**Activity**
Please copy the data below exactly; none of the pictures in it belong in the copy.

**Given material**
● ● ● ● ●
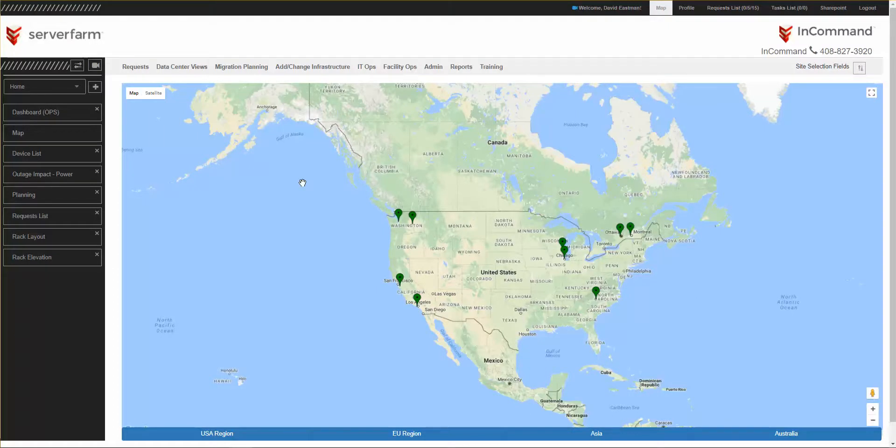Good morning again. In this session, we're going to review InCommand's Rack Elevation page.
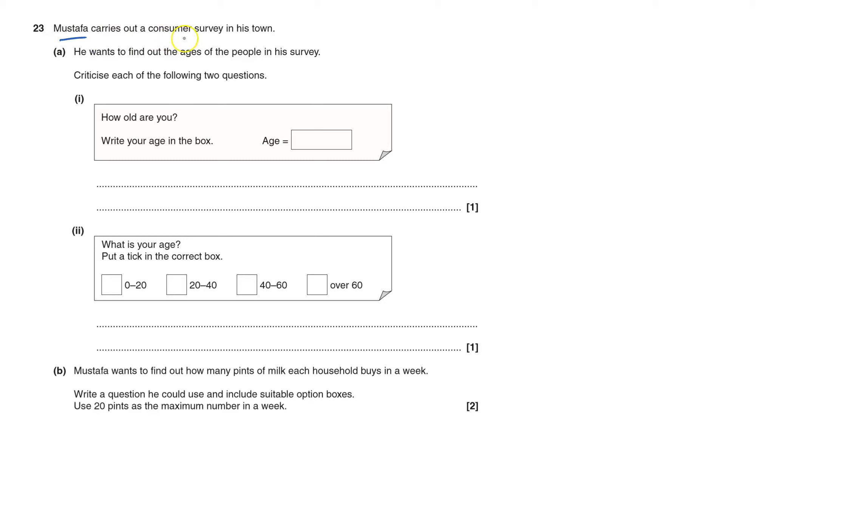Mr Fur carries out a consumer survey in his town. He wants to find out the ages of people in the survey. That's fair enough. I've got to criticize each of the following two questions. How old are you? Write your age in the box.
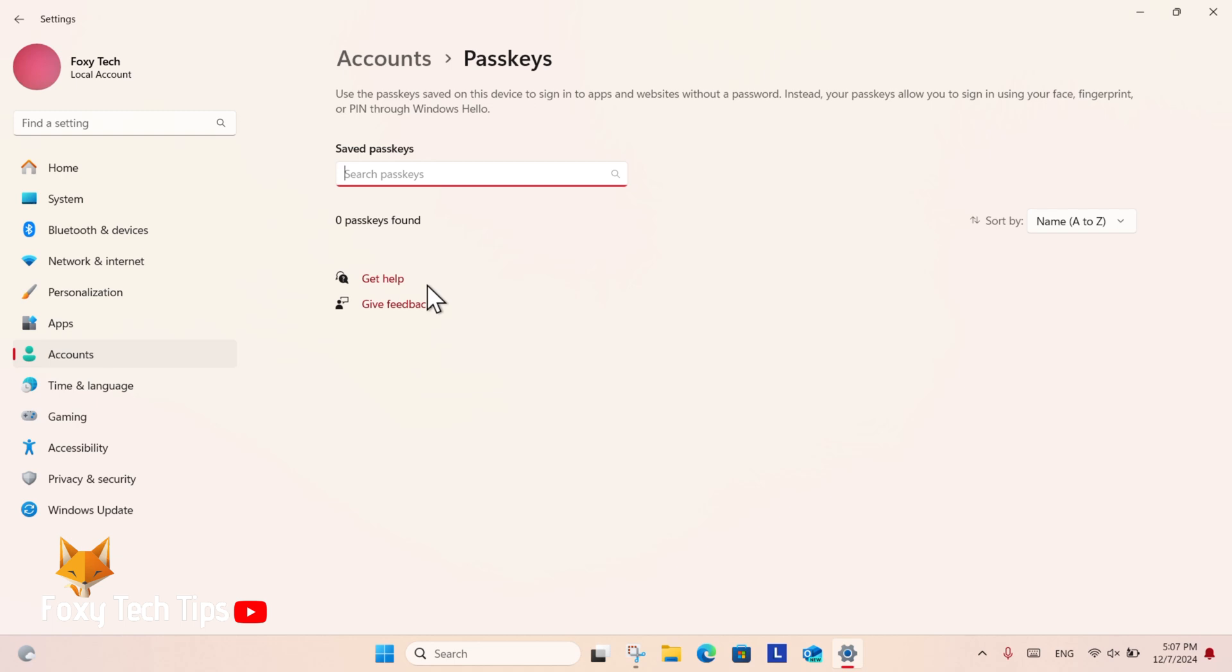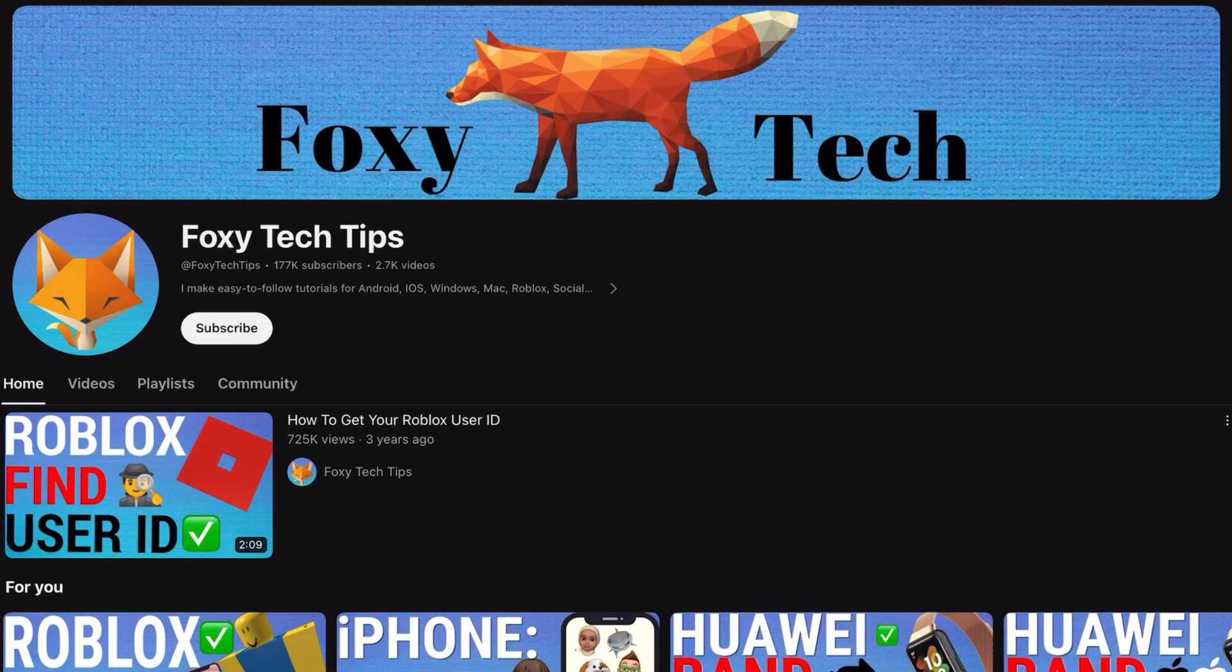And that draws an end to this tutorial. Please like the video if you found it helpful and subscribe to Foxy Tech Tips for more Windows 11 tips and tricks.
● ● ● ● ●
**Reply to the task**
Good morning again. In this session, we're going to review InCommand's Rack Elevation page.
Mr Fur carries out a consumer survey in his town. He wants to find out the ages of people in the survey. That's fair enough. I've got to criticize each of the following two questions. How old are you? Write your age in the box.
And that draws an end to this tutorial. Please like the video if you found it helpful and subscribe to Foxy Tech Tips for more Windows 11 tips and tricks.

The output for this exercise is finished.